Polish agricultural aircraft prototype

The PZL M-24 Dromader Super ( Super Dromedary) is a single engine agricultural aircraft, developed in the 1980s by the WSK-Mielec (later PZL-Mielec) from the PZL-Mielec M-18 Dromader. It did not progress beyond the prototyping stage.

==Development==
The plane was developed as a bigger and more capable variant of the successful agricultural plane PZL-Mielec M-18 Dromader. Some components of the M-18 were used it its construction, but it is generally bigger and stronger, with a more powerful engine. The wings were fitted with a new central section of a larger span.

The first prototype of the M-24 flew on July 20, 1987, and was powered with a 736 kW Shvetsov ASh-62IR radial engine.

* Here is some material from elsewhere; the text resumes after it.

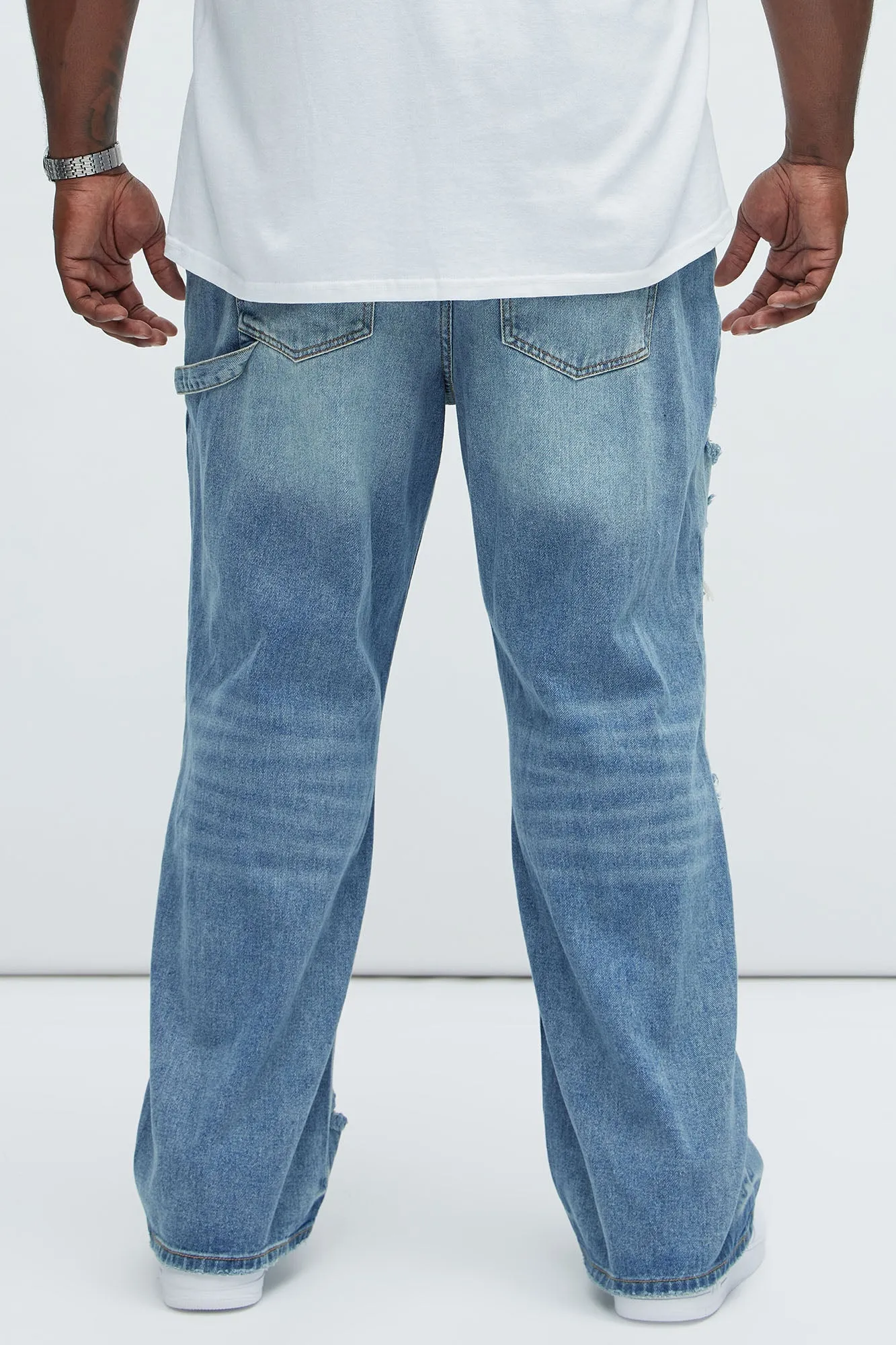 Bore Distressed Carpenter Jeans - Blue Wash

The second prototype, designated M-24B, was powered by the Polish-designed 1200 hp PZL-Kalisz K-9AA radial engine and first flew in 1988. The third prototype, M-24T, was powered by the Pratt & Whitney PT6A-45AG turboprop engine. Four prototypes were built, but the type did not enter production.

The experience with the M-24 was utilised in creating the M-18B variant of the M-18, powered with the PZL K-9 engine, first flown in 1993.

==Design==
The aircraft is a metal low-wing cantilever monoplane, conventional in layout. It has a monocoque fuselage, covered with duralumin. The wings are composed of three parts, fitted with flaps and slats. There is a two-seat cabin (pilot and optional passenger or mechanic, in tandem), placed high. The single radial engine has a four blade propeller. Behind the engine is an internal 2700 L tank for chemicals or water. A fuel tank holds 1400 L.

The plane has exchangeable sets of equipment for spraying, cropdusting or fire extinguishing. It has conventional fixed landing gear with a tail wheel.